Le motif de cette restructuration ? Voici une déclaration de Karen Reddington, la responsable de FedEx Express Europe : « Des changements (comme ceux présentés mardi) ne sont jamais faciles car ils ont un impact sur nos employés. Cependant, ils sont essentiels pour tirer parti des avantages de l’intégration et renforcer notre compétitivité dans un marché en évolution rapide ». Des propos que l’on ne peut que trouver scandaleux lorsque l’on sait que l’entreprise a fait des bénéfices, distribué des dividendes aux actionnaires et fera de lourdes économies sur le dos des travailleurs. « La réduction résoudra la duplication du maintien de deux réseaux de livraison européens et générera des coûts avant impôts pouvant atteindre 575 millions de dollars jusqu’à l’exercice 2023. […] Les coupes proposées, qui ont été présentées aux représentants des salariés, permettront de réaliser des économies annuelles pouvant atteindre 350 millions de dollars à partir de 2024. », a déclaré mardi FedEx dans un dossier réglementaire (https://www.bloomberg.com/…/fedex-plans-up-to-6-300-job…).

En réaction à l’annonce inattendue de mettre des familles à la porte de l’entreprise. Le président de la FGTB Métal Liège-Luxembourg, Thierry Grignard, a déclaré dans la presse « Il est hors de question qu’on licencie les travailleurs autrement qu’après une série de discussions qu’on aura au sein de l’entreprise. Notre travail, en tout cas aujourd’hui, c’est de diminuer un maximum le nombre de licenciements. Là, le politique, que ce soit au niveau régional ou fédéral, a un rôle à jouer pour ne pas laisser l’entreprise licencier alors que les discussions ne sont pas terminées. » « Si la situation n’évolue pas dans le bon sens, les syndicats pourraient se diriger vers d’autres investisseurs ? », lui a ensuite demandé le journaliste. « C’est trop tôt pour en parler car nous voulons donner priorité à la négociation pour sauver des emplois. Mais s’il n’y a pas d’accord, nous ferons en sorte d’attirer d’autres opérateurs. L’aéroport de Liège est reconnu comme l’un des meilleurs au monde en matière de transport. Si cela n’intéresse plus Fedex, nous irons voir ailleurs » (https://www.7sur7.be/…/les-syndicats-esperent…/…). Le même jour, les partenaires sociaux décidaient de faire une assemblée générale devant l’entreprise liégeoise tout en décrétant 48 heures de grève, sans omettre de dire aux travailleurs que le combat sera long et qu’il faudra tous être solidaires.

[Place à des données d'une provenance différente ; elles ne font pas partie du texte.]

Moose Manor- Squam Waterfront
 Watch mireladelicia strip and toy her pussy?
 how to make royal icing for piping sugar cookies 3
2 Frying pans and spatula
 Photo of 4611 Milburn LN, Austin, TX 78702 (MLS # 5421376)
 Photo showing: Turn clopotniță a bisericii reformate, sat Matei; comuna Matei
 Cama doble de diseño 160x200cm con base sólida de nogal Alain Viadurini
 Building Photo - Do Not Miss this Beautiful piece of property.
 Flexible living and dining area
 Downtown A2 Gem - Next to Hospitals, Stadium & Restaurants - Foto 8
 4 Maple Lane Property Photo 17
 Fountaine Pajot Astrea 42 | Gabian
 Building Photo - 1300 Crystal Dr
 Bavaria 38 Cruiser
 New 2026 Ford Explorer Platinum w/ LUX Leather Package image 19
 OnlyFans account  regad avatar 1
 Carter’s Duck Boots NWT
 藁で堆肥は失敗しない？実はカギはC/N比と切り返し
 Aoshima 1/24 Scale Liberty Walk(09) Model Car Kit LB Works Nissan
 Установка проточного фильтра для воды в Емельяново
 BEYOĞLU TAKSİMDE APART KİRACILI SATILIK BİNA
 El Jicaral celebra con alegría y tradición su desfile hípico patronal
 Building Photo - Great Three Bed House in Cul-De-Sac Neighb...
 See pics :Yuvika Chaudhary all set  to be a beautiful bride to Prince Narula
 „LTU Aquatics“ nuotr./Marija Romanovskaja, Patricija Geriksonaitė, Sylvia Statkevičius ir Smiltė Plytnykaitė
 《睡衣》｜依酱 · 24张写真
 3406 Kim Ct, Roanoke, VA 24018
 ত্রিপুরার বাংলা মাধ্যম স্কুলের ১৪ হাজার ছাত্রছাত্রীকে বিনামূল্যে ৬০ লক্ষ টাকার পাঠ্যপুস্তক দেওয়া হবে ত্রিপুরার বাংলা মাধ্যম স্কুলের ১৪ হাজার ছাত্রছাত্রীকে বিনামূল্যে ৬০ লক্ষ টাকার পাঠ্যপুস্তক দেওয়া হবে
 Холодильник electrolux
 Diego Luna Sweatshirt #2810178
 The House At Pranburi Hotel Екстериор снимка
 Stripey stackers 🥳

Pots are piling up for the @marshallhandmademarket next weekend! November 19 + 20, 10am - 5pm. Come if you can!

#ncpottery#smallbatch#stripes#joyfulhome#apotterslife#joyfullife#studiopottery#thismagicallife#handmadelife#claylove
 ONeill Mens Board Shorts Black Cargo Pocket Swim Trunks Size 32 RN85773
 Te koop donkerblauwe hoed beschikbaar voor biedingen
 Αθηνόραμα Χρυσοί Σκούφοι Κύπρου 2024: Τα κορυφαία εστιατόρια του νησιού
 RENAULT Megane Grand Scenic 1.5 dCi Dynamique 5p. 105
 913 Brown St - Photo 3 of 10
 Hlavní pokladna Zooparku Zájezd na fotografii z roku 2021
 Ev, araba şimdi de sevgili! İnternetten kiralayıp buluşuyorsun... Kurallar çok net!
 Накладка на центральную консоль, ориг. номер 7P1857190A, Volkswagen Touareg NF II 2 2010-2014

Alors quelle ne fut pas la surprise des travailleurs lorsqu’ils constatèrent que leurs deux jours de combat et de colère furent payés par l’employeur. Pourquoi ce geste philanthropique de la part de l’entreprise et pourquoi les partenaires sociaux l’ont-ils accepté ? Ces derniers n’ont-ils pas compris que la direction était déjà dans une stratégie consistant à maîtriser la colère collective grandissante ? Soit dit en passant, le verbe payer vient du mot latin pacare « faire la paix », dérivé de pax, pacis « paix » (d’où paix et peace en anglais), qui a pris en bas latin le sens moral de « satisfaire, apaiser », puis dans les langues romanes le sens plus concret de « donner de l’argent, pour satisfaire ou apaiser ». On sait bien que les bons comptes font les bons amis ! « Payer, c’est acheter la paix. »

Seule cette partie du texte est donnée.